Saya masih ingat apa yang dikatakan oleh Bapak Hidayat Nur Wahid. Ketua MPR kita. Beliau mengatakan politik itu adalah salah satu cara manusia dalam membuat dirinya berguna bagi manusia-manusia lain di sekitarnya. Sebagai pemahaman, saya akan menganalogikan politik seperti senter menyala yang ditelungkupkan. Senter yang ditelungkupkan itu jika kita tak mengangkatnya, maka sinar yang keluar, sama sekali tak terlihat atau berefek pada keadaan sekitarnya. Setelah kita angkat sedikit, barulah sinar itu terlihat, walaupun jangkauan cakupannya masih relatif kecil atau sempit. Tetapi jika kita angkat sampai tinggi, maka sinar dengan terangnya itu, dapat menyinari lantai di bawahnya dengan luas, dan semua menikmati terangnya senter itu. Hal itu juga sama terjadi pada kehidupan manusia. Jika status sosial kita yang tentunya didukung dengan kelayakan kemampuan dan ketulusan tidak terlalu tinggi, maka rakyat atau manusia di sekelilingnya tidak dapat merasakan keberadaan dirimu. Sebaliknya jika stasus sosialmu tanggi, maka semua apa yang kamu kerjakan dan perjuangkan, akan dapat dirasakan oleh semua rakyatmu atau manusia disekelilingmu.
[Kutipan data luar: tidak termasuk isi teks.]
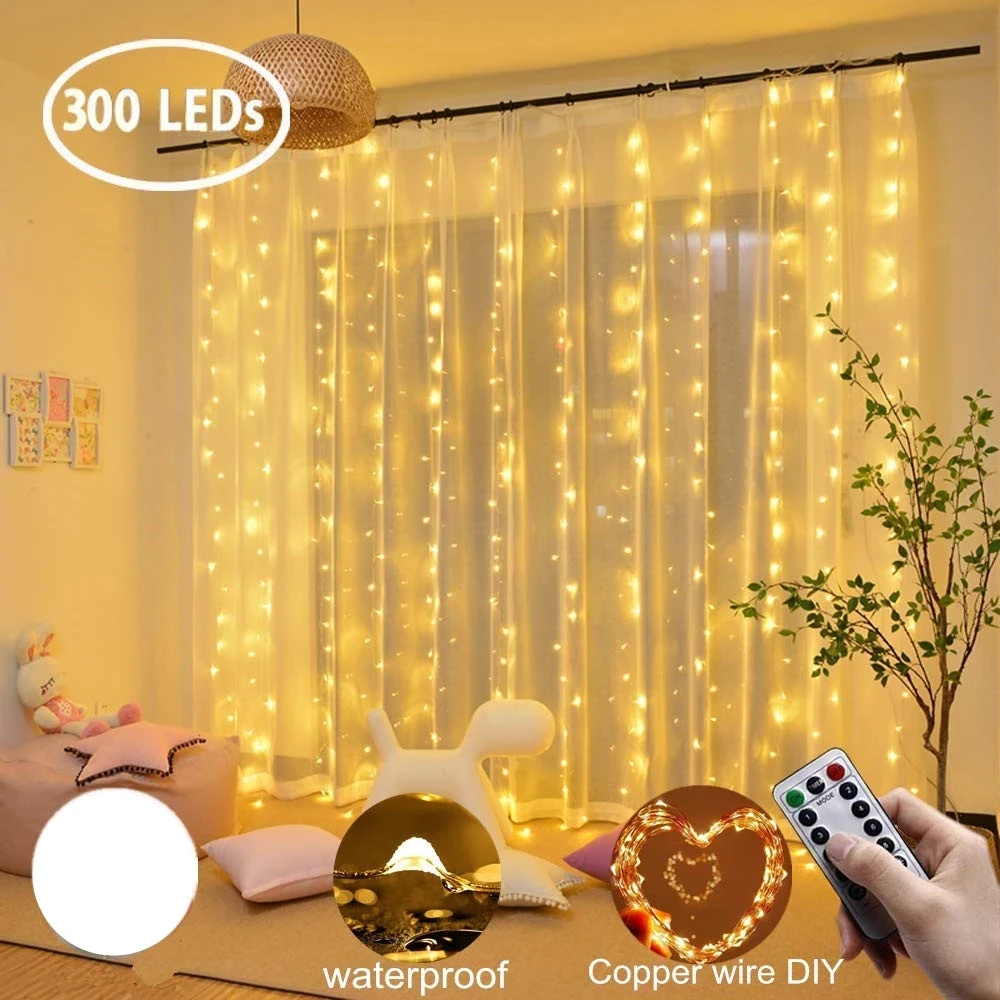 Curtain LED 3x3m 300Led String Light USB Fairy Icicle Copper Wire Remote Control Christmas Wedding Holiday Garden Window Outside
Curtain LED 3x3m 300Led String Light USB Fairy Icicle Copper Wire Remote Control Christmas Wedding Holiday Garden Window Outside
Jadi politik diciptakan oleh Allah SWT. Bukanlah untuk sekedar mencari kekuasaan atau harta yang melimpah. Tetapi adalah suatu tindakan adi luhur yang menjadi jalan rakyat untuk mendapat kebenaran,keadilan,dan kesejahteraan. Suatu upaya agung untuk mewujudkan mimpi-mimpi tukang becak,pedagang sayur, sopir bemo, guru, pelajar,orang tua,insinyur,ilmuwan,pengusaha, dan Presiden itu sendiri.
Bicara tentang apa yang seharusnya dicita-citakan oleh para pemuda saat ini. Saya jadi teringat pada percakapan informal antara seorang pengamat politik bernama Sukardi Rinakit dengan Muhammad Yunus, peraih nobel perdamaian tahun 2006. Cak Kardi bertanya,” Apa cita-cita Anda sebenarnya? Apakah dari kecil ingin mendirikan pusat pemberdayaan rakyat, seperti Gramen Bank?” Muhammad Yunus menjawab sambil tersenyum kecil, “Saya hanya ingin menanam kebaikan.” Ternyata kebaikan yang ditanamnya selama ini tumbuh subur dengan akar yang tertancap kokoh di hati rakyat Bangladesh. Ia juga telah menginspirasi dunia.
Padahal, siapa pun anak Indonesia tentu pernah mendapatkan nasihat dari orang tuanya, yang mirip dengan ucapan Muhammad Yunus tersebut. Pada orang Jawa, nasihat itu biasanya datang dari ibu, yang dengan tulus berkata agar kita selalu nandur kebecikan (menanam kebaikan). Cita-cita terpenting dalam hidup adalah menanam kebaikan.
Karena itu, di mata seorang ibu, menjadi presiden,menteri, gubernur,direktur utama,dan lain-lain adalah tidak penting. Gelar profesor,doktor,master adalah tidak penting. Pangkat kapten maupun jendral juga tidak penting. Yang terpenting adalah nandur kebecikan.

LANGKAH PERUBAHAN

Semangat Muhammad Yunus itulah yang harus menjadi landasan berfikir para pemuda saat ini dalam bercita-cita. Jika ada 100,1000,bahkan berjuta-juta pemuda Indonesia hidup dalam nafas ketulusan menanam kebaikan, maka bisa dibayangkan betapa nikmatnya hidup di alam Indonesia Raya ini. Betapa sejahteranya bayi-bayi yang baru lahir, jika mengetahui negara yang akan mereka tumpangi untuk hidup, telah memiliki ksatria-ksatria yang tulus mendedikasikan dirinya untuk berpengaruh positif dalam dinamika kehidupan masyarakat, terutama politik.
Lalu langkah apa yang pertama-tama kita lakukan? Biarkanlah mereka yang korupsi, mereka yang kebal hukum, mereka yang kita tak bisa berbuat apa-apa atas mereka, terus dan terus menggerogoti negara ini. Tapi mulai sekarang...sentaklah hatimu! Gugah jiwamu! Jangan biarkan diri kita dengan mereka tak ada perbedaan. Buatlah perbedaan itu. Bangun jiwamu yang suci itu. Poles dinding-dinding kesungguhanmu dengan idealisme-idealisme agungmu itu. Jangan sampai tercemar pada realitas kebobrokan bangsa ini. Justru buatlah realitas-relitas itu sebagai pecut atas nadi-nadi perubahan yang akan kau kobarkan. Negeri ini tidak akan bosan menunggu gerakan-gerakan pemuda Indonesia yang nasionalis, yang menjanjikan saripati perubahan dalam setiap nafas yang mereka hembuskan. 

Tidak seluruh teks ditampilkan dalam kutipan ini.